Web page caption snippets
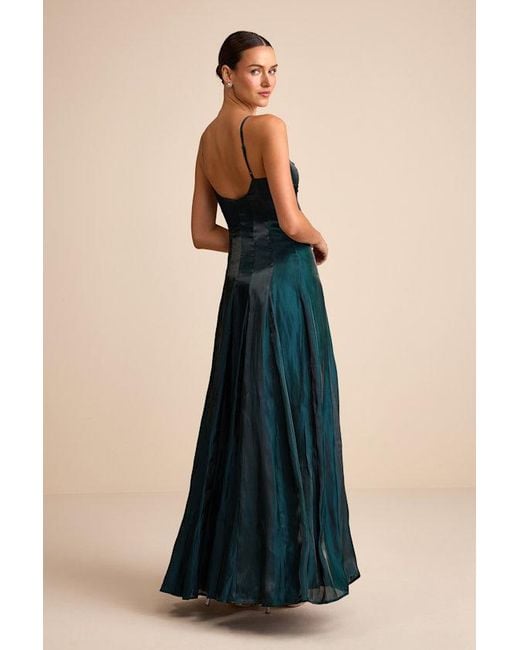 Lulus Black Zeline Organza Pleated Drop Waist Maxi Dress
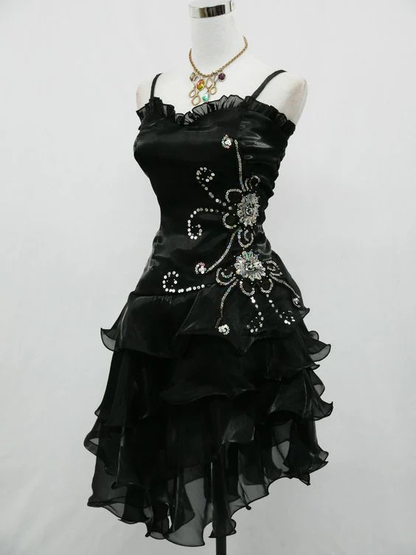 Vintage Black Chiffon Beaded Short Prom Dress Formal 8th Grade Homecoming Dress S849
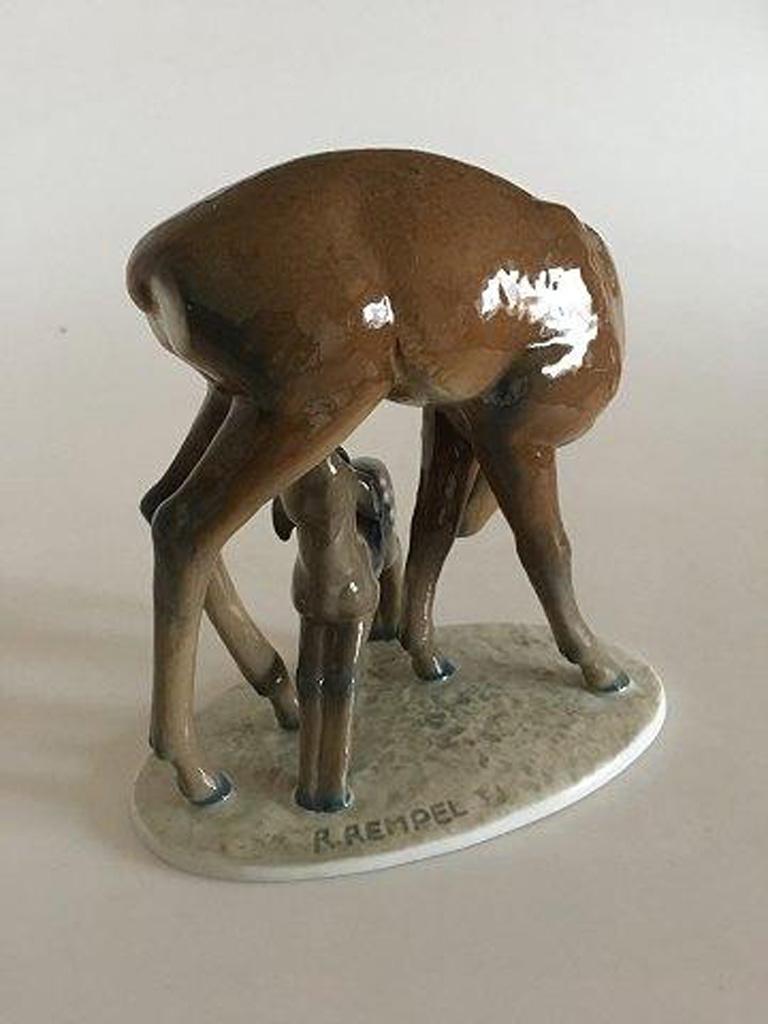 Rosenthal Art Nouveau Figurine of a Deer and Young In Good Condition For Sale In Copenhagen, DK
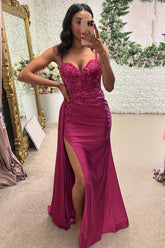 Fuchsia Prom Dress Floral Mermaid Ruche Spaghetti Straps Long Formal Dress With Slit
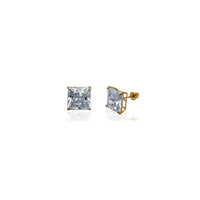 Princess-Cut CZ Stud Earrings (14K) Popular Jewelry New York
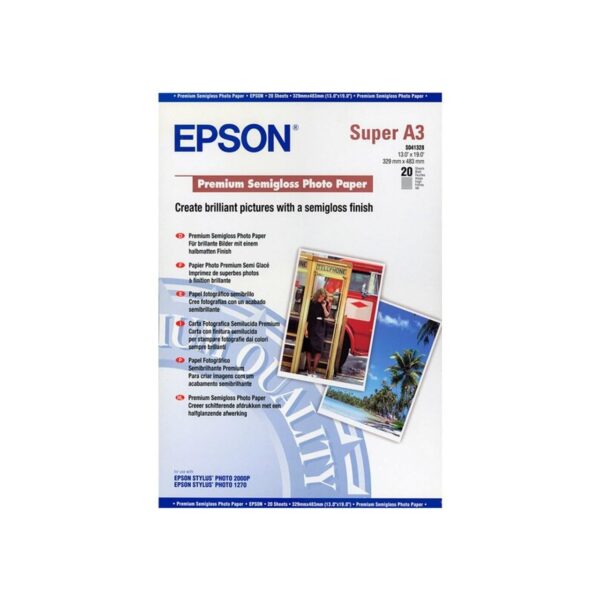 Epson A3 Premium Semi-Gloss Photo Paper A3+ 250gsm 20 Count (Pack of 1) C13S041328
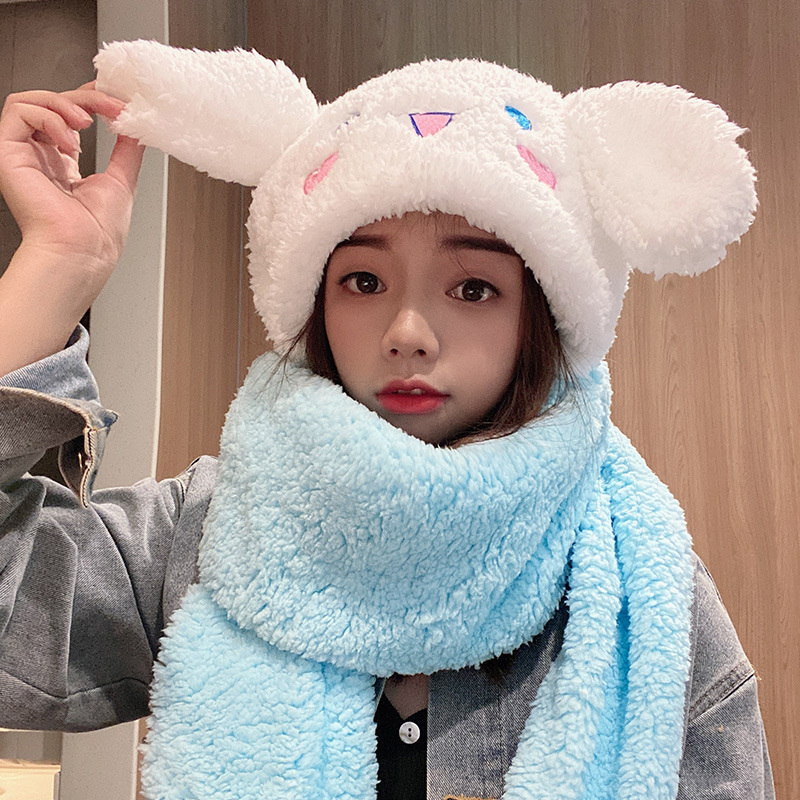Picture of Shirley Mei Jade Dog Melody Duffy Three-Piece Set Thickened Winter Warm Scarf Gloves Integrated Plush Hat for Women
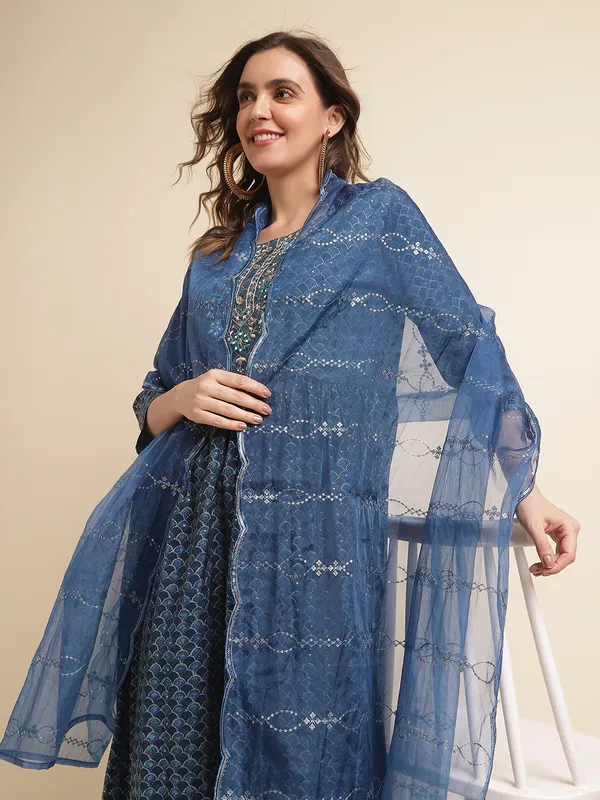 Blue_Yoke_Design_A-Line_Kurta_and_Trousers_With_Dupatta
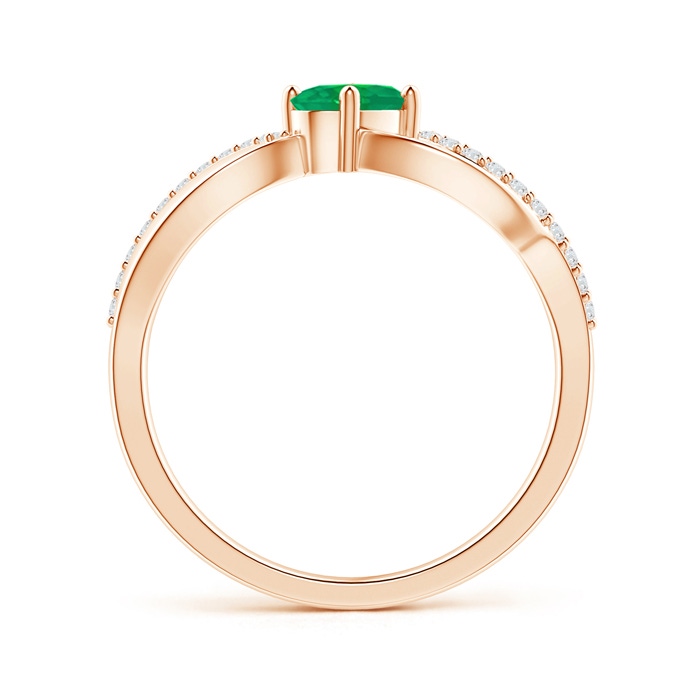 6x4mm AA Diagonal Oval Emerald Criss Cross Ring with Diamond Accents in Rose Gold side-1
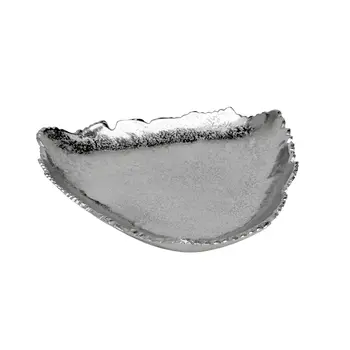 9" Silver Aluminum Torn Edge Triangular Serving Bowl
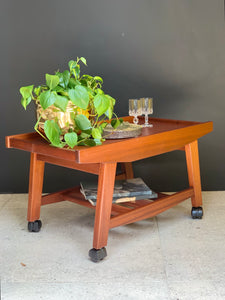 Mid-Century Trolley / Side Table with Wheels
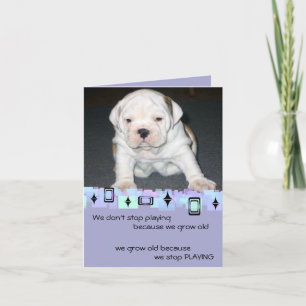 Carte Salutations d'anniversaire de chiot de bouledogue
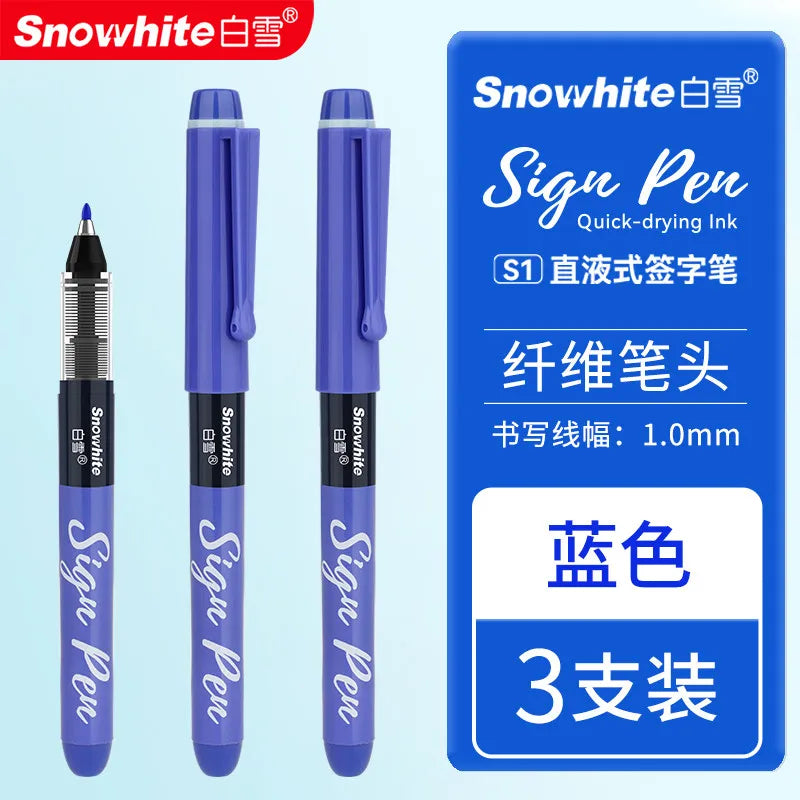 Blue Sign Pen with fiber tip and 1.0mm writing line shown next to a blue box.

=== Work task ===
The answer should contain nothing but the lines from the top of the data above through the line containing "Princess-Cut CZ Stud", copied exactly, with no images.

=== Answer to the exercise ===
 Lulus Black Zeline Organza Pleated Drop Waist Maxi Dress
 Vintage Black Chiffon Beaded Short Prom Dress Formal 8th Grade Homecoming Dress S849
 Rosenthal Art Nouveau Figurine of a Deer and Young In Good Condition For Sale In Copenhagen, DK
 Fuchsia Prom Dress Floral Mermaid Ruche Spaghetti Straps Long Formal Dress With Slit
 Princess-Cut CZ Stud Earrings (14K) Popular Jewelry New York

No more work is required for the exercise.